We have had a bad start to our aquarium adventures so I'm shouting out for a bit of advice. As a brief history we got a fish tank, let it settle, checked the water and all was well. Got two gold fish but one died very soon after (i think it was a baddun from the shop as they soon replaced it) Water was still fine at this point and both fish happy. Did a water change, all still good. On second water change (btw water changes were done weekly) the tanks Nitrate/Nitrite levels shot up. So much so that one fish committed harry carry by leaping out of the tank to his doom behind the drawers the tank sits on. The remaining fish began to get fin rot and fungus (cotton wool type) and even though we tried very closely timed water changes (daily) the fish unfortunately died and the tank continued to have a high level of nitrates/nitrites (not sure of the difference) 

My daughter has been feeding her fish with care, making sure not to over feed and that within the space of 5 mins there was no food left. Unfortunately though it was too little too late. On the day before the fish died I did try to introduce a nitrate reducing liquid into the tank but the bottle stated that this would take effect over the course of a week and unfortunately the fish didnt last that long.

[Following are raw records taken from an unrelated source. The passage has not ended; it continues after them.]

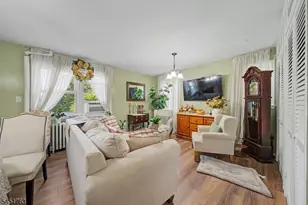 315 Elizabeth St, Orange, NJ 07050 - Photo 10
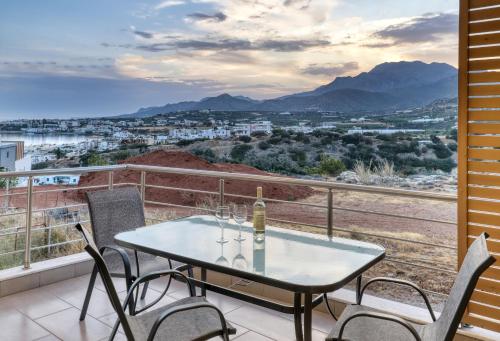 Helios Studios & Apartments in Makris Gialos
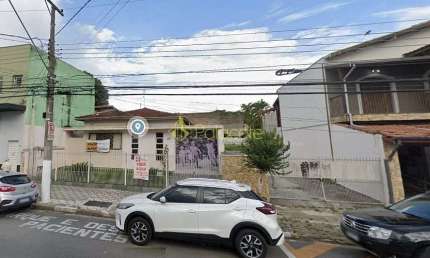 Amplo Imóvel Comercial à Venda e Locação no São Benedito – Ideal para Consultórios, Escritórios e M
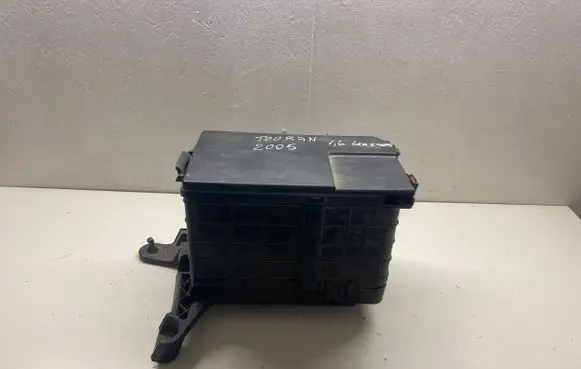 Volkswagen Touran I Battery box tray 1K0915333B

So in summation here are a few things on my mind:

1.)Does the tank need to be cleaned and started a fresh?
2.)What could have caused the levels of Nitrate/Nitrite to stay so high even when we had been doing 20% water changes on a 24ltre tank
3.)Can you have two fish in a 24litre tank?
4.)Can I add both Nitrate/nitrite reduce into a tank aswell as finrot/fungal aid?

and finally

5.)Is there anything more or less that I could have done?

Thanks for taking the time to read such a long post but I would love to get the tank and my daughters feelings back on a high again.

regards

Sam


----------



## Crazy (Mar 1, 2012)

Well, I have a few things
1. Although goldfish seem to be a good fish to start with, I don't recommend them. They are very dirty fish that create unfathomable amounts of waste. Due to this they require very large tanks for their size.
2. Did you properly cycle the tank? A proper cycle can take as much as 6 weeks to complete to grow the bacterial that break down the harmful chemicals. If you look around on this forum you can find it posted as a sticky.
3. The chemicals designed to remove or neutralize the ammonia/nitrites very seldom if ever works. Your best chance lies with a well cycled tank and and good PWC's.
4. I don't know where you get your fish at buy try to avoid places like petco or petsmart because the fish come from low breeding quility and even lower methods of care. Although it can be a bit more expensive I recommend finding a 'mom and pop' fish shop. They usually are the best route for quality fish.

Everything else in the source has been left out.